In a globalised and interconnected world, financial crimes pose a serious threat to companies, more so for those in the banking, financial services and insurance (BFSI) sector. Data shows that in 2002, companies shelled $5 billion in fines for failing to thwart these illicit activities - an astounding 50 per cent increase from a year ago. On a global scale, firms experienced a 3 per cent reduction in turnover due to financial crimes and compliance issues, tallying up to a staggering $274 billion in 2022, up from $214 billion in 2020.

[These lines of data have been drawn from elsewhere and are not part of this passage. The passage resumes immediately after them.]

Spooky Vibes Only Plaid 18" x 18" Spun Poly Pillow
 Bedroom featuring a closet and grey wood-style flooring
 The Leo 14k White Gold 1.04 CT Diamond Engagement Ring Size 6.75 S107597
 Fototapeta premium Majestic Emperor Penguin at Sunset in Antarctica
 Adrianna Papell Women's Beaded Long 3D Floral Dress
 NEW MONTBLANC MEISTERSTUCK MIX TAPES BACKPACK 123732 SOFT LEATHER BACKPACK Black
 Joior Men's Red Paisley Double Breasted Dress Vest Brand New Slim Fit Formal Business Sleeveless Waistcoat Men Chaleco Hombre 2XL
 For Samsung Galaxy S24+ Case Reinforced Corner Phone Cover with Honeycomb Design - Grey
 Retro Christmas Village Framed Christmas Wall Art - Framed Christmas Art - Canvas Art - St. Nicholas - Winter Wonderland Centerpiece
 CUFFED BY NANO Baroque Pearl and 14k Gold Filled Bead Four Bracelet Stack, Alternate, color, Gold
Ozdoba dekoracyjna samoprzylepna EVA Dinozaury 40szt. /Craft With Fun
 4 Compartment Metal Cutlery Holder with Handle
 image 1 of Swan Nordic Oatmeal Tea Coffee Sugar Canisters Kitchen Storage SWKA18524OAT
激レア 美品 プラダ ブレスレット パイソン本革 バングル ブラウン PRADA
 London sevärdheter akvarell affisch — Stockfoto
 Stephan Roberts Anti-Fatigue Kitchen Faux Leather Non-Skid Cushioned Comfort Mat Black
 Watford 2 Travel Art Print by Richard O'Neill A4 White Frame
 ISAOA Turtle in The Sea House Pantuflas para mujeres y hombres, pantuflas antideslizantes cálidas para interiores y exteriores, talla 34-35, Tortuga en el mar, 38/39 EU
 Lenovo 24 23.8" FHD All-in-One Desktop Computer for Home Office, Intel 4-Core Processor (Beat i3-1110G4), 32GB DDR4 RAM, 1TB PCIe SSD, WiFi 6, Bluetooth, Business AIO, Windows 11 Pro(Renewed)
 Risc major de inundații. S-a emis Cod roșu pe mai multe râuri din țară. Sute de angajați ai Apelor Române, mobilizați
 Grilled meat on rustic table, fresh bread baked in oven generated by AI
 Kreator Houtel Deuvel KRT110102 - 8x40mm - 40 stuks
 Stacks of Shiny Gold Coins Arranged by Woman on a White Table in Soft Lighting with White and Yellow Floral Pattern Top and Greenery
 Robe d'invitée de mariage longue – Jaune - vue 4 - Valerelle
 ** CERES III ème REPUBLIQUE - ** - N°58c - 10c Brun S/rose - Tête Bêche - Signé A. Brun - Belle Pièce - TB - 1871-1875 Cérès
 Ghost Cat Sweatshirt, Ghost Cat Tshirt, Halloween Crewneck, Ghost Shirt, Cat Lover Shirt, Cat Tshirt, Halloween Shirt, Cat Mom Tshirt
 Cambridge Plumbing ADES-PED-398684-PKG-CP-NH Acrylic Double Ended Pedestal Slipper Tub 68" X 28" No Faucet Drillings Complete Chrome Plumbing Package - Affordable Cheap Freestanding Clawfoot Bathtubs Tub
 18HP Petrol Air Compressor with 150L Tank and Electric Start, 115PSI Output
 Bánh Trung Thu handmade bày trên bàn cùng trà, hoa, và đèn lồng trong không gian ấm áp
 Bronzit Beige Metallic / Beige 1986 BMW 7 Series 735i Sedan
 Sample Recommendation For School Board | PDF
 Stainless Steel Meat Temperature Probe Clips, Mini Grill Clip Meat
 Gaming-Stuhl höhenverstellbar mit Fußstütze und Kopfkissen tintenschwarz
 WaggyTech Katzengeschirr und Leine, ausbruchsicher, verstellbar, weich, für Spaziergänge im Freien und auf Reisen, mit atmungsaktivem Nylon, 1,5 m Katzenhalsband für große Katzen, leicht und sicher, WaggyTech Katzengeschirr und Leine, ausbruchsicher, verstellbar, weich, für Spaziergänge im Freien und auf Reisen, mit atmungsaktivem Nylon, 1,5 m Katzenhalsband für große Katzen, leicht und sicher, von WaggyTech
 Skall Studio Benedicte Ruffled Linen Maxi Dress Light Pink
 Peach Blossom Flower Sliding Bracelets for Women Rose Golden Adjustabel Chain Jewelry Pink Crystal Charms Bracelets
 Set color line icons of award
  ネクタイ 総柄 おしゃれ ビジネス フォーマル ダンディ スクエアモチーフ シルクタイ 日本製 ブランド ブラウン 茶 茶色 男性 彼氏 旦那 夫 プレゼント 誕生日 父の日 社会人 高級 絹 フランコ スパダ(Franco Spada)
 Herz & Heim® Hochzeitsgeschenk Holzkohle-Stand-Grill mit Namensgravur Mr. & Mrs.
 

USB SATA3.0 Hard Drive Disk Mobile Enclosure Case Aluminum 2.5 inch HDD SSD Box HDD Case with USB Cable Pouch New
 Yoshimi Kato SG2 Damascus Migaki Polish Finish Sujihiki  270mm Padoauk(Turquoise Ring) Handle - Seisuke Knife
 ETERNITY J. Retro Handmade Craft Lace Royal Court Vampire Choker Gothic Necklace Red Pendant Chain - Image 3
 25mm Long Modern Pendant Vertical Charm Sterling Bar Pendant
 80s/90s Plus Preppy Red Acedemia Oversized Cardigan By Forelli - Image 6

Banks grapple with several pivotal challenges when combatting financial crimes (FinCrimes). Disparate systems and redundant processes for customer onboarding, Customer Due Diligence (CDD), and risk assessment present significant hurdles. The persistence of outdated practices like manual handovers compounds inefficiencies in anti-FinCrime efforts. Operational silos further complicate this problem, leading to decentralised and partial coverage of financial functions, ultimately heightening the risk of FinCrime attack.
Additionally, a lack of efficient change management leads to banks being unable to keep up with constantly evolving financial crime regulations. Keeping up with the changes and staying updated is mandatory in the current market.
Advancements in AI have invariably led to scammers utilising the technology to conduct financial crimes on an unprecedented scale. Deepfakes and AI are set to drive $1 trillion in financial fraud and crimes as the technology enables scammers to lower costs and increase reach towards a wide pool of consumers. AI has been particularly used to ‘turbocharge’ fraud, and despite heavy investment in fraud detection, consumers lost upwards of $8 billion last year due to FinCrimes in the US alone. Hence, it is critically important for regulators and the larger banking community to come together, collaborate, and update processes to set up new systems that can tackle AI-fuelled crimes in the coming years.
Road ahead
While the obstacles appear formidable, there are several strategies banks can consider to confront these issues. Embracing an AI- and data analytics-led approach for both first and second lines of defence can prove invaluable. Having an AI-enabled first line of defence would help with predictive analysis, pattern identification, hypothesis validation, and new model creation. Adopting a 360-degree centralized platform approach fully integrates internal and external systems and helps track both internal and external FinCrime attempts.
A centralised, platform approach can result in:
(i) Eliminating current siloed approaches and operational redundancies to prevent financial crime by at least 50 per cent.
(ii) Reducing compliance costs to prevent financial crime.
(iii) Bringing various aspects of financial crime prevention under a unified function for effective monitoring, prevention, and remediation. This includes AML/KYC, sanctions management, Modern Slavery and Human Trafficking (MSHT), Combating Financing of Terrorism (CFT), Transactions with Politically Exposed Persons (PEP), Fraud Analytics, Account Takeover, Pump and Dump Transactions, Insider Trading, Circular Trading, and more.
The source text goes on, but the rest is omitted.